Production technology selection: Deploying market requirements, competitive and operational strategies, and manufacturing attributes

The success and survival of companies are becoming increasingly difficult to ensure in this era of increasing competition and ever-changing environments. Modern technology is playing a key role in the ability of manufacturing companies to compete as world-class enterprises. Therefore, new manufacturing technologies are needed to assist in compressing the production time to move products to the market more quickly and efficiently than competitors. Acquiring and implementing new technologies are perceived as high-risk investments and determinants of competition. To ensure that a selected technology meets these requirements, companies should simultaneously explore and communicate the relationships between evolving and developing markets, as well as competitive and operational strategies over time. However, the published literature on new technology selection hitherto has failed to sufficiently address the relevant perspectives in such analyses.
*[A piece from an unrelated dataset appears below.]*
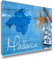 TRIOSK Kühlschrankmagnete Spanien Magnet Insel Mallorca Spruch Souvenir Geschenk Mediterran für Reiselustige Frauen Männer Weltenbummler Kühlschrank stark eckig groß 85x55 mm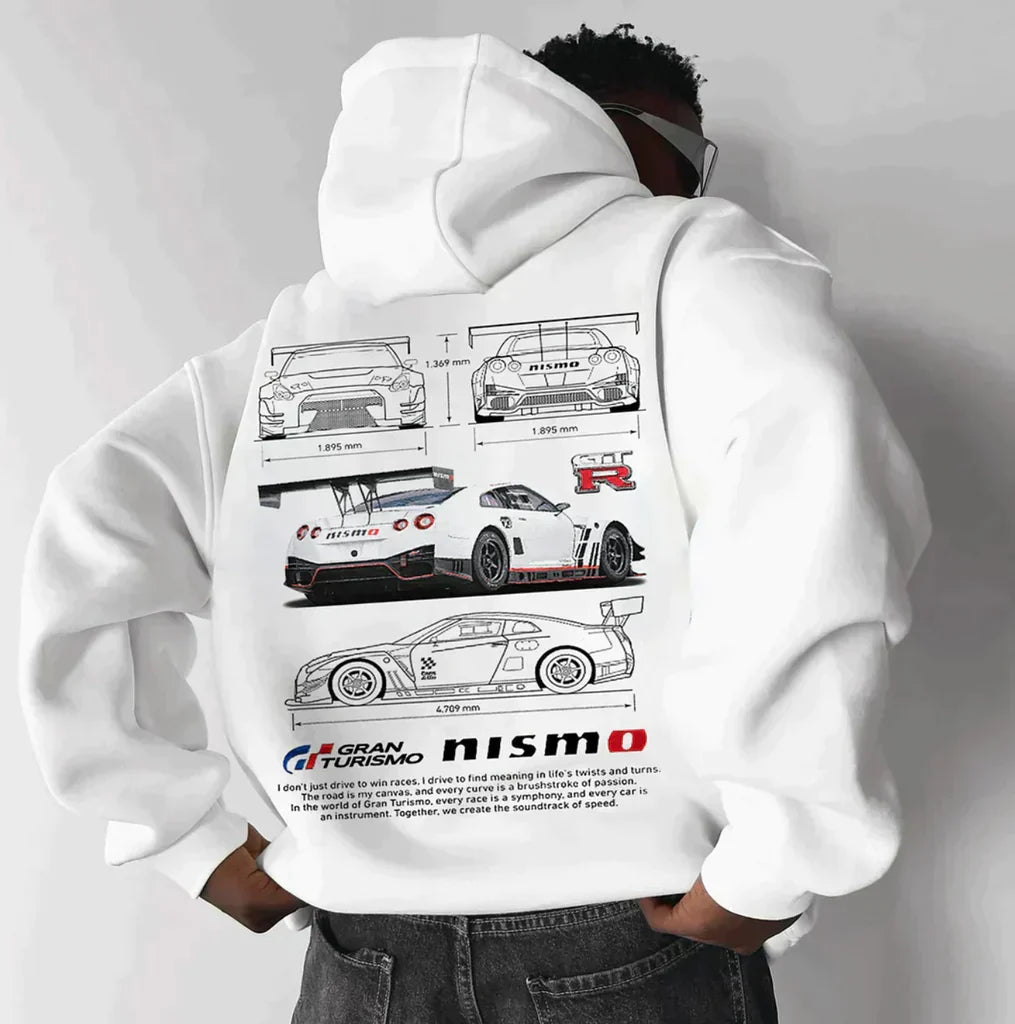 Sudadera con capucha para hombre con diseño de coches, ideal para un estilo moderno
The relationship matrix in the quality function deployment (QFD) method provides an excellent tool for aligning important concepts and linking processes. This report suggests an operational strategy for the selection of a new production technology that integrates the market trends, competitive and operational strategies, as well as manufacturing attributes by using the relationship matrix in the QFD method and also describes how this robust approach has been applied to the selection of new manufacturing technology in a Taiwanese company. This selection substantiates our assertion that the proposed framework and procedures do in fact meet the real requirements of an individual commercial entity as well as ensuring a competitive edge.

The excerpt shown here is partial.